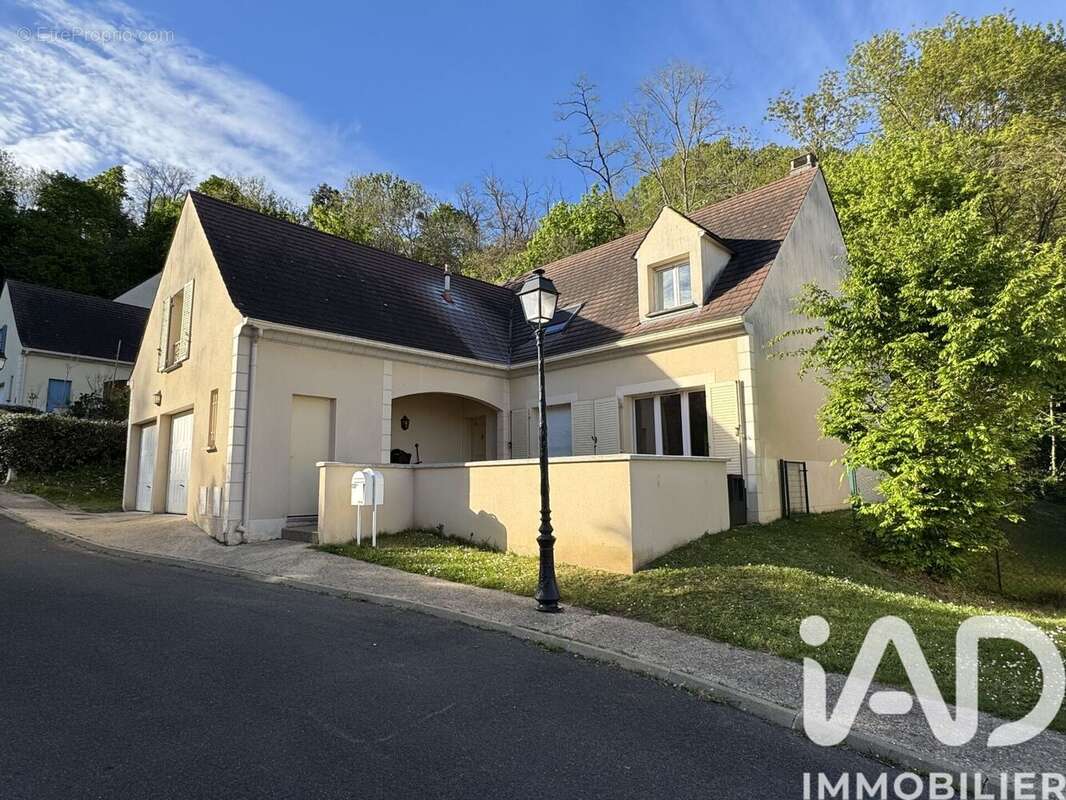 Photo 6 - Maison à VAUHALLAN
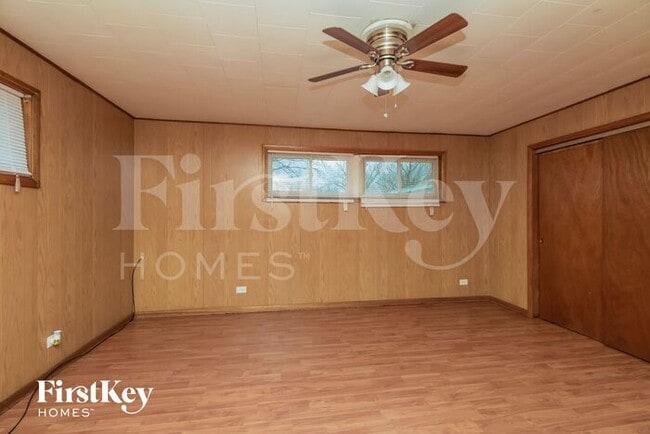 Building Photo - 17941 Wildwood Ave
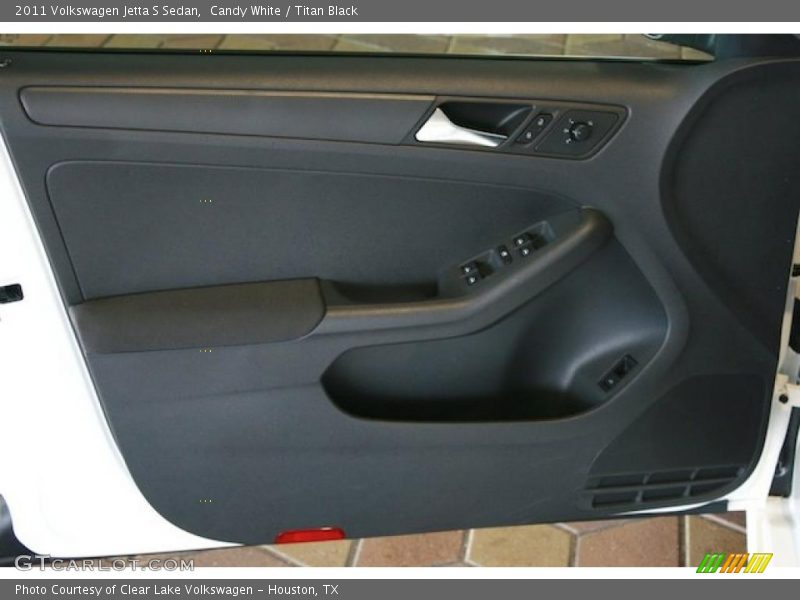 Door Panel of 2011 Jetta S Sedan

» **Exercise aim**:
Faithful copy, images left out: write out every line of data.

» **Finished task**:
 Photo 6 - Maison à VAUHALLAN
 Building Photo - 17941 Wildwood Ave
 Door Panel of 2011 Jetta S Sedan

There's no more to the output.